The solution that I have seen come from a lot of people has been to basically run two queries, one for each Order Stautus and then collect these together returning the result.

Something along the lines of:

SELECT (SELECT COUNT(*) CountA
        FROM dbo.CountExample AS CE
        WHERE OrderStatus = 'A') CountA,
       (SELECT COUNT(*) CountB
        FROM dbo.CountExample AS CE
        WHERE OrderStatus = 'B') CountB

This delivers the correct result, but causes two separate queries to be run (one for each Order Status). There are variations of this solution, using sub-queries or CTEs, but I hope you get the idea that a separate COUNT() is required for each total that you want to calculate.

Solution 2:

The best way, that I know of, to achieve this would be to change the logic from a COUNT() to a SUM(). This sounds wrong at first, especially because the column Order Status is a char(1) and not an integer!

Take a look at how I have solved the problem with SUM():

 
SELECT SUM(CASE WHEN OrderStatus = 'A' THEN 1 ELSE 0 END) CountA,
       SUM(CASE WHEN OrderStatus = 'B' THEN 1 ELSE 0 END) CountB
FROM dbo.CountExample AS CE

Looking at the code, we can see that I have not just used SUM(), but also a CASE statement. CASE is one of my favourite constructs in T-SQL, as it allows you to perform logical processing of an entire set or only part of a set without filtering using a WHERE clause.

If you take a look at the execution plan, you will also see that the table is accessed once. This is an instant improvement over the “standard” solution of COUNT()-ing per Order Status and has the added bonus of never being noticeably more expensive, regardless of how many different Order Status totals are required.

So there you go.  COUNT() isn’t always the best way to count data in SQL Server.

Advertisements

9 thoughts on “When COUNT() isn’t the only way to count

  1. Thanks for the Post.
    But I have one question. Why to need SUM(), when we can use COUNT() in the same manner. e.g
    COUNT(CASE WHEN OrderStatus = ‘A’ THEN 1 ELSE NULL END)
    would do the job.

    I am not sure there would be any performance benefit, but your saying “COUNT() isn’t always the best way to count data in SQL Server” can be challenged by some other persons. 🙂

    PS: In your test data, Please add “GO” after creation of the “sandbox” DB to run it as a separate batch. It sometimes can create the objects in master DB instead. (Was the case with me)

    • Usmann, thanks for your comment.

      You are right in saying that COUNT() could be used. The idea behind my post was to provoke thought and make clear that COUNT() wasn’t necessary to actually count.

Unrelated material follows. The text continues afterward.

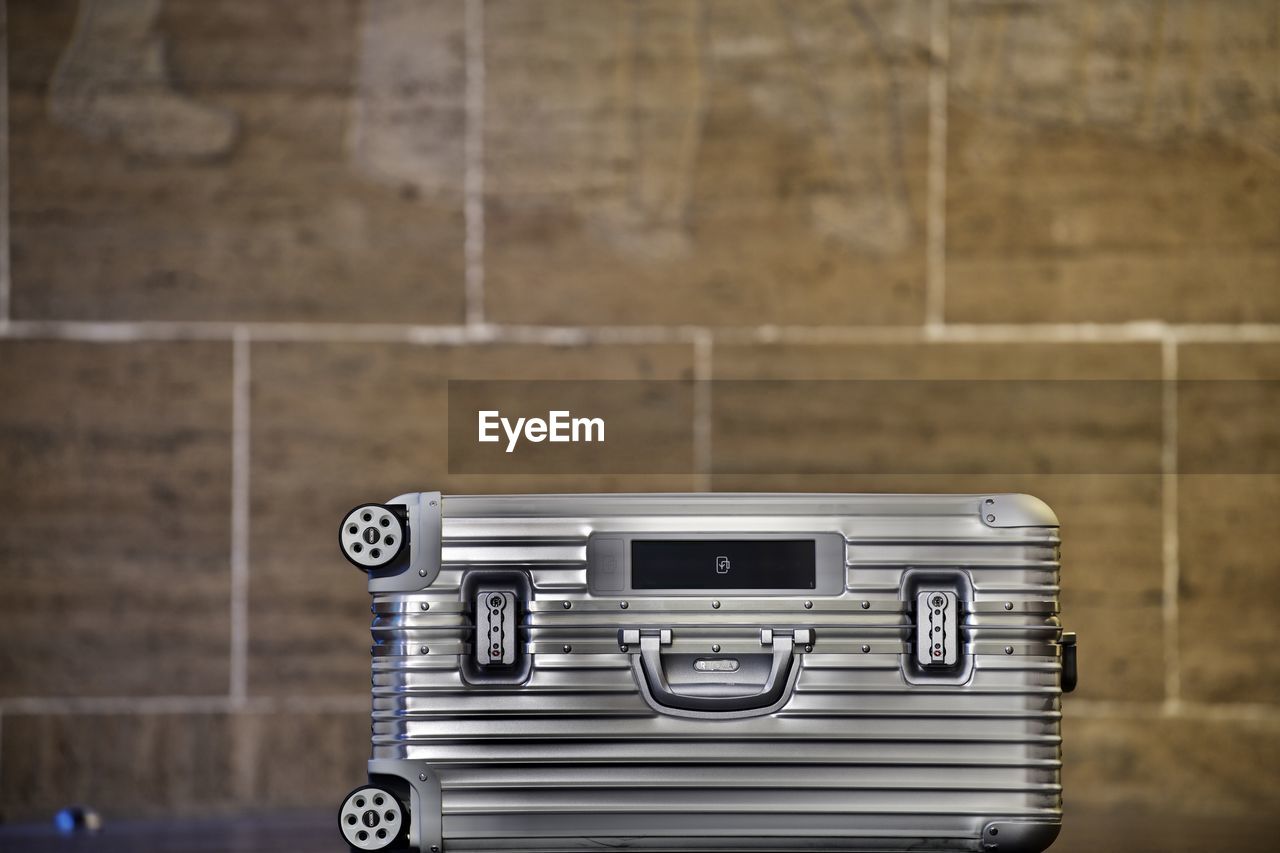 Close-up of suitcase against wall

      I intentionally used SUM() to steer away from thinking explicitly about counting, especially as I have seen that people aren’t aware of COUNT() ignoring NULL values. This would just cloud the process, especially for someone who really hasn’t heard of this method before.

      P.s. Thanks for the catch on the missing GO. Re-formatting the code to display as code on WordPress managed to drop that statement!

  2. Moreover, after some runs with 1,000,000 rows, the COUNT() was ever so slightly better than SUM()

    COUNT() STATISTICS AVG
    SQL Server Execution Times:
    CPU time = 313 ms, elapsed time = 471 ms.

    SUM() STATISTICS AVG
    SQL Server Execution Times:
    CPU time = 344 ms, elapsed time = 475 ms.

    Please let me know If I may have missed something. Thanks.

    • Thanks for the performance comparison, but please don’t forget the premise of the post.

      I was comparing the traditional COUNT() and the SUM() using CASE and not the performance of COUNT() vs. SUM().

      If you compare my two sample queries over one million rows, you will see that SUM() with CASE beats COUNT() hands down.

      • Thanks for the feedback. I always like your style of addressing situations. Much appreciated. One more thing, My performance test was against the same logic. This is where I asked your input, Am I missing something?

        I used
        CHECKPOINT;
        DBCC DROPCLEANBUFFERS
        DBCC FREEPROCCACHE

        before each execution. Thanks.

  3. While the execution time may be faster, please don’t forget the (in my opinion more important) I/O costs of each query.

    If you run:

    SET STATISTICS IO ON

    before running the queries.You will notice that the COUNT(*) query has double the reads of the SUM() query. This gets progressively worse for each further COUNT() that would be added, whereas the SUM() will only ever gain in CPU time, because it just scans the table once.

    Consider the following:

    P = number of pages in the table
    N = number of separate COUNT() commands

    The reads for the COUNT() solution would be:

    P * N

    The reads for the SUM() solution would always be

    P

    I/O is almost always the bottleneck on a SQL Server, so reductions like this easy re-write can save you a lot of time and money.

    • Thanks again for giving your precious time. I am extremely sorry, but I am unable to understand your last comment. I have run the below queries with IO statistics ON (1,000,000 rows)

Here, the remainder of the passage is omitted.